FIG. 1A is a block diagram of a computing system 10 according to one example. The computing system 10 includes a user computing device 12 and a classical computing system 14, which are classical computing devices including a memory 16 and a processor device 18. In certain implementations, the classical computing system 14 includes functionality provided by the user computing device 12. The computing system 10 includes a quantum computing system 20 with a plurality of quantum computing devices 21-1-21-N (generally referred to as quantum computing devices 21) that each include a system memory 22 and a processor device 24. The quantum computing devices 21 may also be referred to as quantum machines 21. The user computing device 12, the classical computing system 14, and/or the quantum computing system 20 are all communicatively coupled via a classical communications link (not shown), which may include a private network or a public network such as the internet. It is to be understood that the computing system 10, according to some examples, may include other quantum computing devices and/or classical computing devices that are not illustrated in FIG. 1A. Additionally, the user computing device 12, the classical computing system 14, and/or the quantum computing system 20 in some examples may include constituent elements in addition to those illustrated.

In the example of FIG. 1A, each quantum computing device 21 implements a set of one or more qubits 26(0)-26(Q) (referred to generally as qubits 26) for use by quantum services executed by the quantum computing device 21. To maintain information for the qubit(s) 26, the quantum computing devices 21 may each include a qubit registry 28, which includes a plurality of qubit registry entries, each corresponding to a qubit such as the one or more qubits 26. The qubit registry 28 maintains and provides access to data relating to the qubits implemented by the quantum computing device 21, such as a count of the total number of qubits implemented by the quantum computing device 21 and a count of the number of available qubits that are currently available for allocation, as non-limiting examples. Each of the qubit registry entries of the qubit registry 28 also stores qubit metadata for a corresponding qubit 26. The qubit metadata may include, as non-limiting examples, an identifier of the corresponding qubit, an availability indicator that indicates whether the corresponding qubit is available for use or is in use by a specific quantum service, an identifier of a quantum service that is associated with the corresponding qubit or to which the corresponding qubit is allocated, and/or an entanglement indicator that indicates whether the corresponding qubit is in an entangled state.
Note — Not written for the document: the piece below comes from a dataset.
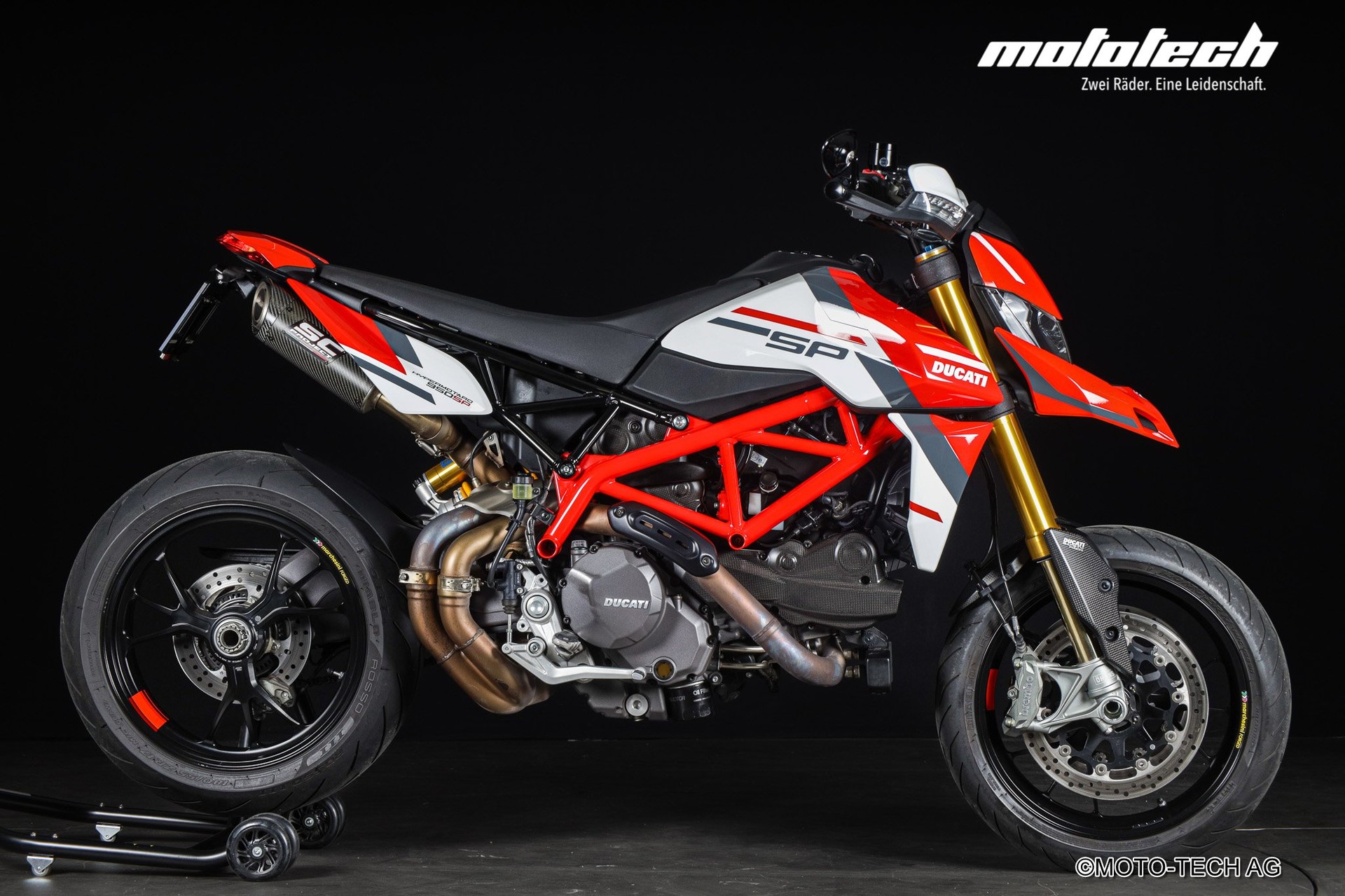 DUCATI Hypermotard 950 SP SC PROJECT-image-1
The quantum computing device 21 executes one or more quantum services 30. The quantum service 30 is a process that executes on a quantum computing device 21 and employs qubits 26 to provide desired functionality. The quantum service 30 is defined using a quantum service definition, such as provided by a quantum assembly (QASM) file, which includes one or more quantum programming instructions. QASM is a programming language that specifies quantum circuits as input to a quantum computer by declaring classical bits and qubits and describing operations on the qubits and measurements needed to obtain a classical result based on the qubits.

Execution of quantum services 30 is facilitated by a quantum task manager 32, which handles operations for creating, monitoring, and terminating quantum services 30. The quantum task manager 32 may provide an interface (not shown) through which other services or tasks may request specific information regarding the qubits 26, the quantum service 30, and/or the quantum computing device 21. Additionally, information regarding the status and functionality of the quantum computing device 21 and the elements thereof may be made accessible to other processes via a hardware application programming interface (API) 34.

Each quantum computing device 21 includes a physical enclosure containing qubits 26. Further, each quantum computing device 21 includes hardware information 36-1-36-N (referred to generally as hardware information 36), including a qubit type 38-1-38-N (referred to generally as qubit type 38). Generally, each quantum computing device 21 includes one qubit type 38, but in certain implementations, the quantum computing device 21 may include multiple qubit types 38. Qubit types 38 may be made of physically different material, which makes the qubits 26 better suited for certain execution types and/or environmental conditions.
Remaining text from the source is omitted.